A more natural way to do so is to use the following procedure:

\cs{OnDepth;}

\cs{Refpoint \var{triple};}

\cs{Action (\var{delimited control sequences});}

...

\cs{endOnDepth;}

\noindent
What this procedure does is the following: save and reset a few things
at the \cs{OnDepth} statement; increase the \cs{Action\_counter} and
stores the current reference point (a \var{triple}) at \cs{Refpoint}
invocation; stores the \var{delimited control sequences} into a
variable control sequence numbered (here there is a little trick that
I have been looking for a very very long time) with the current
\cs{Action\_counter}; at \cs{endOnDepth} orders the list
$1,\dots,\cs{Action\_counter}$ with respect to the depth of the
reference points and then performs actions with respect to the sorted
list. The most interesting thing with this procedure is that actions
may depend on some parameters just as loop or macro parameters.  Note
that the \cs{SortCriterion} has a special and temporary meaning when
performing \cs{endOnDepth}: its two arguments are then some indexes in
$1,\dots,\cs{Action\_counter}$ and the comparison is done between the
depths of the two corresponding reference points.
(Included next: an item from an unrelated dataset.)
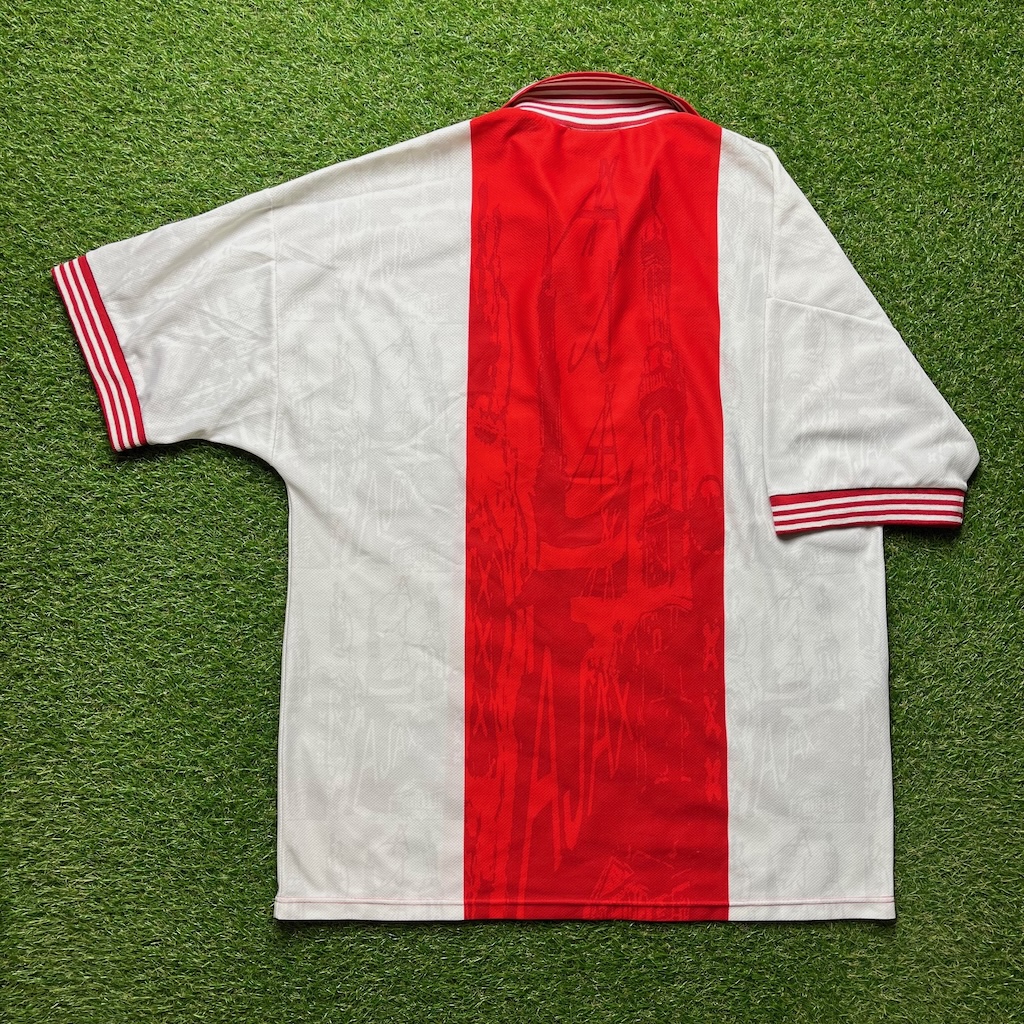 1996/1997 Thuis - Afbeelding 2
\section{Integrating text}

This is clear that for some nice and funny pictures, one has to
integrate text in the three dimensional space, for instance when
moving a text around a picture as I've done once or twice. This is
rather particular. Defining any general scheme for doing so seems to
me rather pointless: it is too complicated, it is hard to imagine what
people would like to do, etc.  Anyway, some control sequence that
allows to move flat text around would be a basic stuff. Also, basic
programming of such things may help to design special control
sequences for more complicated tasks.

\subsection{Simple text}
An object named \cs{simpletext} is defined in \cs{m3Dplain.mp}.  Its
specific parameters consist, first, in a string describing the
alignment (\cs{"left"}, \cs{"justify"}, \cs{"center"} or \cs{"right"})
and a string telling where on the text the reference point should be
(typically \cs{"right"}, \cs{"urt"}, \cs{"top"}, \cs{"ulft"},
\cs{"left"}, \cs{"llft"}, \cs{"bot"}, \cs{"lrt"} or [say!]
\cs{"center"}), then, in a list of strings which would be displayed
one above another.

For instance, at a top level ({\it see}\/ further on about the scale parameter),
\tabindent=\parindent
\verbatim
	UseObject(simpletext, Origin, (90, 0, 90), 10pt, "justify", "ulft",
		"Come let me sing into your ear;",
		"Those dancing days are gone,",
		"All that silk and satin gear;",
		"Crouch upon a stone,",
		"Wrapping that foul body up",
		"In as foul a rag:",
		"I carry the sun in a golden cup;",
		"The moon in a silver bag."));
\endverbatim
\noindent
would display, at basepoint {\tt Origin}, with frame the current one
rotated by $(90,0,90)$, with scale $10\,\rm pt$, the first part of J.B.~Yeats'
poem \og Those dancing days are gone\fg. If it is reasonable,
each line would be justified and the basepoint would correspond
to the upper left corner of the text.

The {\tt simpletext} object uses a font named by the string {\tt mthreeDfont} (default value: {\tt"rphvb"}). Its design size is defined by the numerical variable named {\tt mtheeDfontsize} (default value: {\tt10pt}).
The numerical parameter \cs{baselineskip} parameter has its usual role
(default value: {\tt12pt}). These parameters are only related to the font, not to the {\tt CurrentScale}. Thus, when using {\tt simpletext} into an object, beware of the \var{scale} given in statements like
$$
\displaylines{\indent
\cs{UseObject(simpletext, \var{origin}, \var{Euler angles}, \var{scale},}
\hfill\cr\hfill
\cs{\var{alignment string}, \var{location string}, \var{list of strings})}\indent}
$$
since \var{scale} must be a {\it local scale}.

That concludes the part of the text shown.